INFO:tensorflow:iter #10000: lr = 6.000000e-02 | loss = 1.254797e+00 | speed = 7114.82 pics / sec INFO:tensorflow:accuracy = 0.8515625 INFO:tensorflow:model saved to ./models/models_eval_mobilenet_v1_at_cifar10/models/-10000 INFO:tensorflow:Restoring parameters from ./models/models_eval_mobilenet_v1_at_cifar10/models-10000 INFO:tensorflow:model restored from ./models/models_eval_mobilenet_v1_at_cifar10/models-10000 [WARNING] TF-Plus & Horovod cannot be imported; multi-GPU training is unsupported Traceback (most recent call last): File "C:\Users\longy\AppData\Local\Continuum\anaconda3\envs\lab\lib\site-packages\tensorflow\python\client\session.py", line 1334, in _do_call return fn(*args) File "C:\Users\longy\AppData\Local\Continuum\anaconda3\envs\lab\lib\site-packages\tensorflow\python\client\session.py", line 1319, in _run_fn options, feed_dict, fetch_list, target_list, run_metadata) File "C:\Users\longy\AppData\Local\Continuum\anaconda3\envs\lab\lib\site-packages\tensorflow\python\client\session.py", line 1407, in _call_tf_sessionrun run_metadata) tensorflow.python.framework.errors_impl.InvalidArgumentError: Incompatible shapes: [64,1024,1,1] vs. [128,1024,1,1] [[{{node model/MobilenetV1/Logits/Dropout_1b/dropout/mul}} = Mul[T=DT_FLOAT, _device="/job:localhost/replica:0/task:0/device:GPU:0"](model/MobilenetV1/Logits/Dropout_1b/dropout/div, model/MobilenetV1/Logits/Dropout_1b/dropout/mul-1-TransposeNHWCToNCHW-LayoutOptimizer)]] [[{{node add_1/_281}} = _Recv[client_terminated=false, recv_device="/job:localhost/replica:0/task:0/device:CPU:0", send_device="/job:localhost/replica:0/task:0/device:GPU:0", send_device_incarnation=1, tensor_name="edge_614_add_1", tensor_type=DT_FLOAT, _device="/job:localhost/replica:0/task:0/device:CPU:0"]()]]

Can anyone help me?Thanks!

jiaxiang-wu commented 5 years ago

"mobilenet_v1_at_cifar10" seems like a new model helper? Does this model helper only crash when using the ChannelPrunedLearner, or does it also crash with other learners during evaluation?

to-be-snail commented 5 years ago

"mobilenet_v1_at_cifar10" seems like a new model helper? Does this model helper only crash when using the ChannelPrunedLearner, or does it also crash with other learners during evaluation?

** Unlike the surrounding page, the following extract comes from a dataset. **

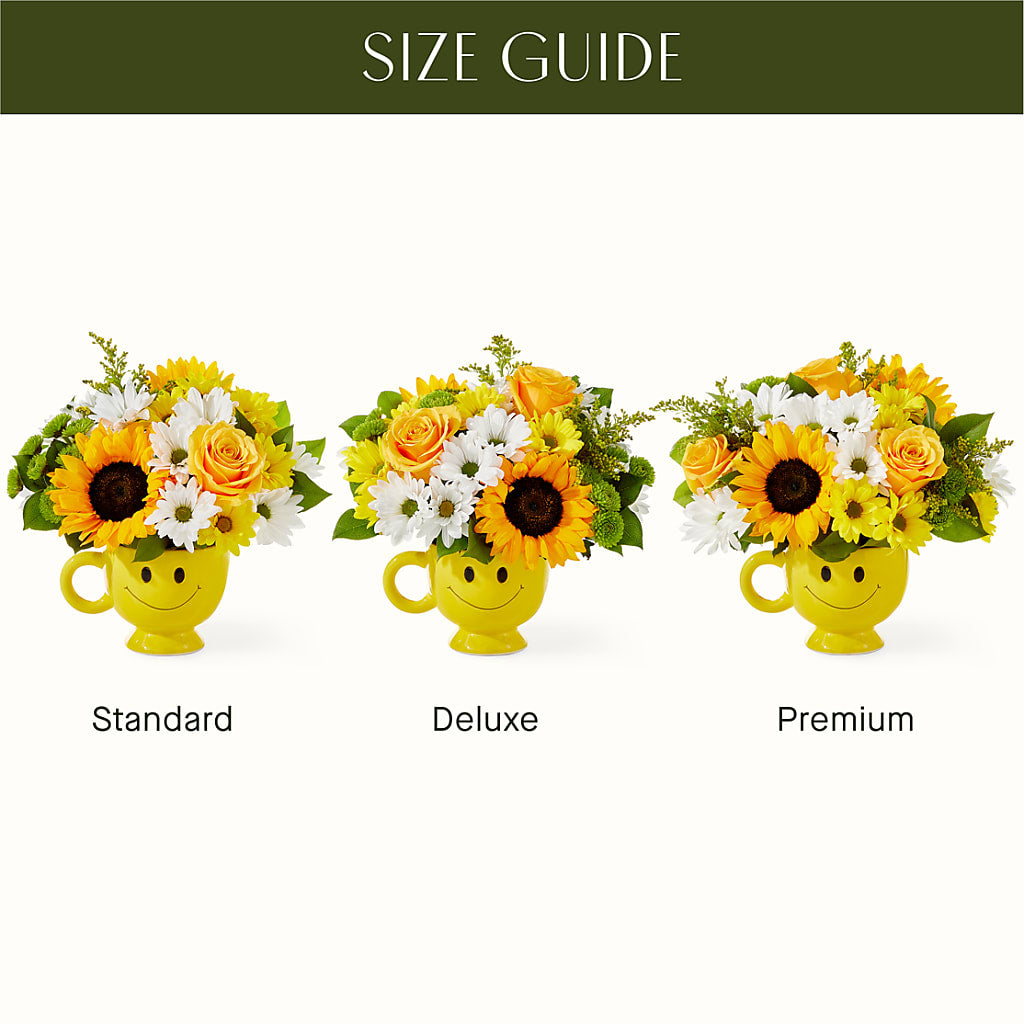 Be Happy Bouquet –  Sunset Ridge Floral Llc, Morganton NC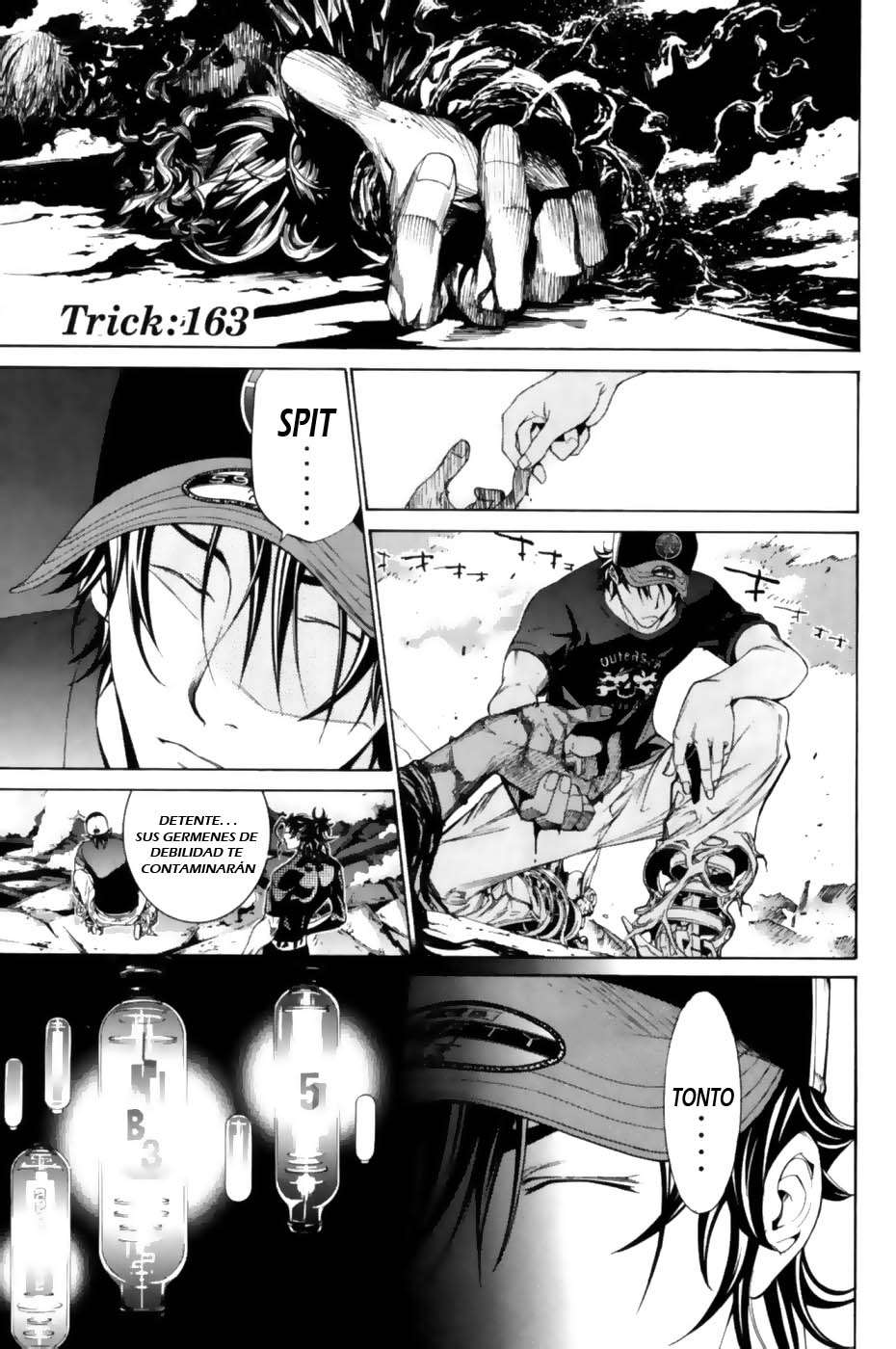 Read Air Gear Es Manga Online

Thanks for your reply。Yes,I have trained mobilenet_v1 on cifar10,I just copied mobilenet_at_ilsvrc and modified some training parameters to complete the training phase.At present I have just tried the ChannelPrunedLearner because my work is about ChannelPrune

jiaxiang-wu commented 5 years ago

Can you try FullPrecLearner (no compression)?

to-be-snail commented 5 years ago

OK,I will try now,thank you!

to-be-snail commented 5 years ago

Can you try FullPrecLearner (no compression)?

Oh,maybe I didn't explain clear.I have finished training on cifar10 dataset(no compression train and evaluate),then I was trying to prune my model and this error occured

to-be-snail commented 5 years ago

Can you try FullPrecLearner (no compression)?

It seems that after pruning,there are some differences between training model and evaluating model.

jiaxiang-wu commented 5 years ago

Okay, so can you post the training and evaluation models you generated?

to-be-snail commented 5 years ago
      Okay, so can you post the training and evaluation models you generated?

-10000.zip

INFO:tensorflow:model saved to ./models/models_eval_mobilenet_v1_at_cifar10/models/-10000 INFO:tensorflow:Restoring parameters from ./models/models_eval_mobilenet_v1_at_cifar10/models-10000 INFO:tensorflow:model restored from ./models/models_eval_mobilenet_v1_at_cifar10/models-10000

when pruning,the trained model has been saved to -10000 and eva model read from -10000

darren1231 commented 5 years ago

I have the same question. Any update?